▶ [TASK TO CARRY OUT]
Reproduce all entries word for word.

▶ [DATA FOR THIS EXERCISE]

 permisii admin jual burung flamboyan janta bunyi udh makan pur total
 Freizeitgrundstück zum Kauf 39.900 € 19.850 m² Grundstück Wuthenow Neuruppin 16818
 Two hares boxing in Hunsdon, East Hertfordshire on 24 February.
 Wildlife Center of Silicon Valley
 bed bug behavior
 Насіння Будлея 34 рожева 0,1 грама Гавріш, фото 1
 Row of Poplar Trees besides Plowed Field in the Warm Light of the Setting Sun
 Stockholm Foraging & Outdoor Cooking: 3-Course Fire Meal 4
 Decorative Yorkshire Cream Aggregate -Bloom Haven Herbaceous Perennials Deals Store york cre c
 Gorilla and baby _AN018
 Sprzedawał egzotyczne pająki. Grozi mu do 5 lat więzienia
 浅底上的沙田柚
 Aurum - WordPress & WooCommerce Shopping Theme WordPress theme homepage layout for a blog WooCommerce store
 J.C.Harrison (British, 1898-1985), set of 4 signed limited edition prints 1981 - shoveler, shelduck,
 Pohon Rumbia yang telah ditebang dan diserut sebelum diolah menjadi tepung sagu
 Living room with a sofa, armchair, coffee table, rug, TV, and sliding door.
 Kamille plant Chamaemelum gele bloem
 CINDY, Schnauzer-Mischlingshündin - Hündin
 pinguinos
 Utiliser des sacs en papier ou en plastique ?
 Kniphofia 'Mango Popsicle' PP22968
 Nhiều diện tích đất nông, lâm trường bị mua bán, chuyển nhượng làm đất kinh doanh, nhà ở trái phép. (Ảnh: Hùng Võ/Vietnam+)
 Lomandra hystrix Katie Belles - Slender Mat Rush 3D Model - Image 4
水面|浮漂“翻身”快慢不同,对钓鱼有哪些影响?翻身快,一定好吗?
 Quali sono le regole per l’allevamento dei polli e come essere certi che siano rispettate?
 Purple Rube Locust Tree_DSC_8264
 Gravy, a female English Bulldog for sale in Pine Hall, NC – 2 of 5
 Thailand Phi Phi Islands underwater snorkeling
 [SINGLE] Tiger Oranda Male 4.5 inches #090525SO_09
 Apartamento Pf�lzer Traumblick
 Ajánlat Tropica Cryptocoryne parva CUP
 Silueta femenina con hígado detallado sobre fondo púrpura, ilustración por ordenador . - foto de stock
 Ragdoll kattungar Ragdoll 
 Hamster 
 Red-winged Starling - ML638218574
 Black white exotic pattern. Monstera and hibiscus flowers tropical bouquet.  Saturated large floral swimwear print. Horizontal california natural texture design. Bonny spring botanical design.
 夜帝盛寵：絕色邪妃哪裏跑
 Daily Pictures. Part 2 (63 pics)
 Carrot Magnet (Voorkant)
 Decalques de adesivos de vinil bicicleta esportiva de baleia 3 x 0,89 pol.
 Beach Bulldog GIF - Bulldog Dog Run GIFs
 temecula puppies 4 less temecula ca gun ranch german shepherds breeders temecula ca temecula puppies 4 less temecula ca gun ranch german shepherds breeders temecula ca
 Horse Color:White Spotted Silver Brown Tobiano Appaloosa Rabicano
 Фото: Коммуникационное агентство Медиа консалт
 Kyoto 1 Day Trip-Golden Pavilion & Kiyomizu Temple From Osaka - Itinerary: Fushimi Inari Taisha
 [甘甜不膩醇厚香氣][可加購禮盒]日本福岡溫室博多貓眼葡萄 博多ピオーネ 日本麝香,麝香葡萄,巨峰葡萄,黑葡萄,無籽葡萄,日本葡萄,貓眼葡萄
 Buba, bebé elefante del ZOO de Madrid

▶ [TASK RESPONSE]
 permisii admin jual burung flamboyan janta bunyi udh makan pur total
 Freizeitgrundstück zum Kauf 39.900 € 19.850 m² Grundstück Wuthenow Neuruppin 16818
 Two hares boxing in Hunsdon, East Hertfordshire on 24 February.
 Wildlife Center of Silicon Valley
 bed bug behavior
 Насіння Будлея 34 рожева 0,1 грама Гавріш, фото 1
 Row of Poplar Trees besides Plowed Field in the Warm Light of the Setting Sun
 Stockholm Foraging & Outdoor Cooking: 3-Course Fire Meal 4
 Decorative Yorkshire Cream Aggregate -Bloom Haven Herbaceous Perennials Deals Store york cre c
 Gorilla and baby _AN018
 Sprzedawał egzotyczne pająki. Grozi mu do 5 lat więzienia
 浅底上的沙田柚
 Aurum - WordPress & WooCommerce Shopping Theme WordPress theme homepage layout for a blog WooCommerce store
 J.C.Harrison (British, 1898-1985), set of 4 signed limited edition prints 1981 - shoveler, shelduck,
 Pohon Rumbia yang telah ditebang dan diserut sebelum diolah menjadi tepung sagu
 Living room with a sofa, armchair, coffee table, rug, TV, and sliding door.
 Kamille plant Chamaemelum gele bloem
 CINDY, Schnauzer-Mischlingshündin - Hündin
 pinguinos
 Utiliser des sacs en papier ou en plastique ?
 Kniphofia 'Mango Popsicle' PP22968
 Nhiều diện tích đất nông, lâm trường bị mua bán, chuyển nhượng làm đất kinh doanh, nhà ở trái phép. (Ảnh: Hùng Võ/Vietnam+)
 Lomandra hystrix Katie Belles - Slender Mat Rush 3D Model - Image 4
水面|浮漂“翻身”快慢不同,对钓鱼有哪些影响?翻身快,一定好吗?
 Quali sono le regole per l’allevamento dei polli e come essere certi che siano rispettate?
 Purple Rube Locust Tree_DSC_8264
 Gravy, a female English Bulldog for sale in Pine Hall, NC – 2 of 5
 Thailand Phi Phi Islands underwater snorkeling
 [SINGLE] Tiger Oranda Male 4.5 inches #090525SO_09
 Apartamento Pf�lzer Traumblick
 Ajánlat Tropica Cryptocoryne parva CUP
 Silueta femenina con hígado detallado sobre fondo púrpura, ilustración por ordenador . - foto de stock
 Ragdoll kattungar Ragdoll 
 Hamster 
 Red-winged Starling - ML638218574
 Black white exotic pattern. Monstera and hibiscus flowers tropical bouquet.  Saturated large floral swimwear print. Horizontal california natural texture design. Bonny spring botanical design.
 夜帝盛寵：絕色邪妃哪裏跑
 Daily Pictures. Part 2 (63 pics)
 Carrot Magnet (Voorkant)
 Decalques de adesivos de vinil bicicleta esportiva de baleia 3 x 0,89 pol.
 Beach Bulldog GIF - Bulldog Dog Run GIFs
 temecula puppies 4 less temecula ca gun ranch german shepherds breeders temecula ca temecula puppies 4 less temecula ca gun ranch german shepherds breeders temecula ca
 Horse Color:White Spotted Silver Brown Tobiano Appaloosa Rabicano
 Фото: Коммуникационное агентство Медиа консалт
 Kyoto 1 Day Trip-Golden Pavilion & Kiyomizu Temple From Osaka - Itinerary: Fushimi Inari Taisha
 [甘甜不膩醇厚香氣][可加購禮盒]日本福岡溫室博多貓眼葡萄 博多ピオーネ 日本麝香,麝香葡萄,巨峰葡萄,黑葡萄,無籽葡萄,日本葡萄,貓眼葡萄
 Buba, bebé elefante del ZOO de Madrid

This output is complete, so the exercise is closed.